# **Discretization Techniques**

In the previous topic we briefly mentioned a number of univariate discritization techniques. These techniques can be used to categorize a continous varaible or simply to smooth a variable. We will briefly expand on a number of the discritization binning techniqes in this topic.

# **Simple Discretization Methods: Binning**

The following binning techniques are the most simple. The first is where the bins are of equal size and the volume of data points differs for each bin. This can be very useful when trying to understand the density of your data.
The second is where the bin sizes varie but the desnity of each bin remains the same.

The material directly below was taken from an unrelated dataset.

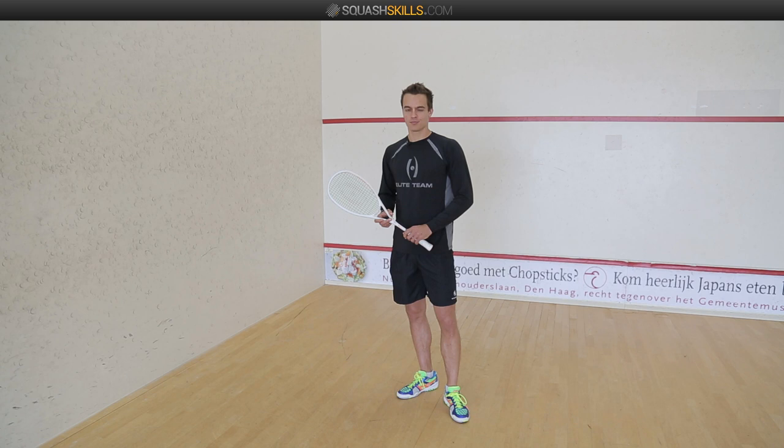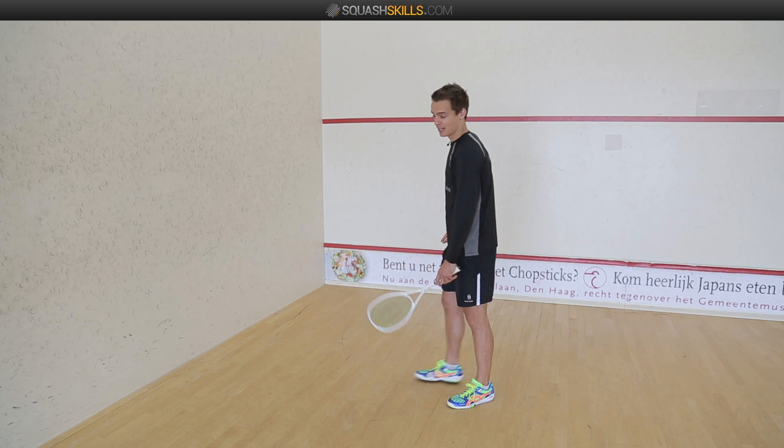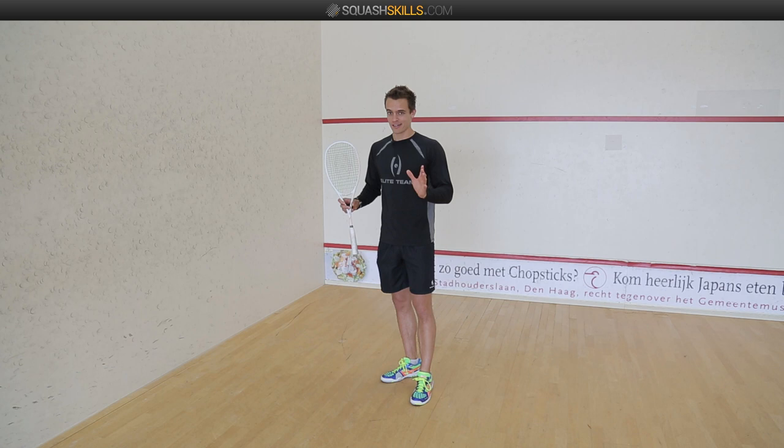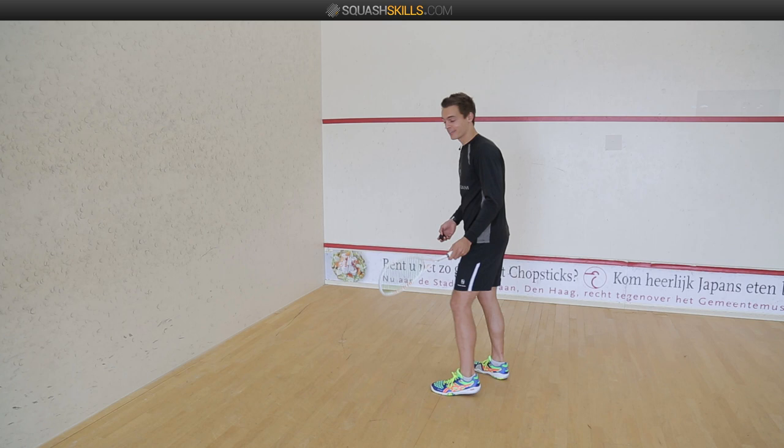Another great exercise to improve your ball control but also your forearm strength is the next one. I'm gonna stand in the left front corner and hit a forehand volley into the side wall, then hit a backhand volley into the front wall. If I do it right, every ball should end up exactly in my racket. Watch this.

These can be useful to understand possible ouliers and the spread of your data.

* Equal-width (distance) partitioning:
> It divides the range into N intervals of equal size: uniform grid
> * if A and B are the lowest and highest values of the attribute, the width of intervals will be: W = (B-A)/N.
> * The most straightforward
> * But outliers may dominate presentation
> * Skewed data is not handled well.

* Equal-depth (frequency) partitioning:
> * It divides the range into N intervals, each containing approximately same number of samples
> * Good data scaling
> * Managing categorical attributes can be tricky.

The diagram below shows how they work, and typically look like histograms. Neither of the above methods examines if there is any predictive power lost as we are not taking account of the effect of binning on the outcome variable.

![alt text](https://www.computing.dcu.ie/~amccarren/mcm_images/Simple_discritization_methods.jpg)

# **Binning Methods for Data Smoothing**

In this approach we are simply using the binning technique to smooth our data. So we use the bins to calculate new values that will effectively replace the old ones. Lets see how we do it for the following data:

Sorted data for price (in dollars): 4, 8, 9, 15, 21, 21, 24, 25, 26, 28, 29, 34
* Step 1 Partition into (equi-depth) bins:
      - Bin 1: 4, 8, 9, 15
      - Bin 2: 21, 21, 24, 25
      - Bin 3: 26, 28, 29, 34

* Step 2 Smoothing by bin means(you could use the median):
      - Bin 1: 9, 9, 9, 9
      - Bin 2: 23, 23, 23, 23
      - Bin 3: 29, 29, 29, 29

*  or Smoothing by bin boundaries:
      - Bin 1: 4, 4, 4, 15
      - Bin 2: 21, 21, 25, 25
      - Bin 3: 26, 26, 26, 34


The following code example from [GeeksforGeeks](https://www.geeksforgeeks.org/python-binning-method-for-data-smoothing/) does the above analysis for the IRIS dataset.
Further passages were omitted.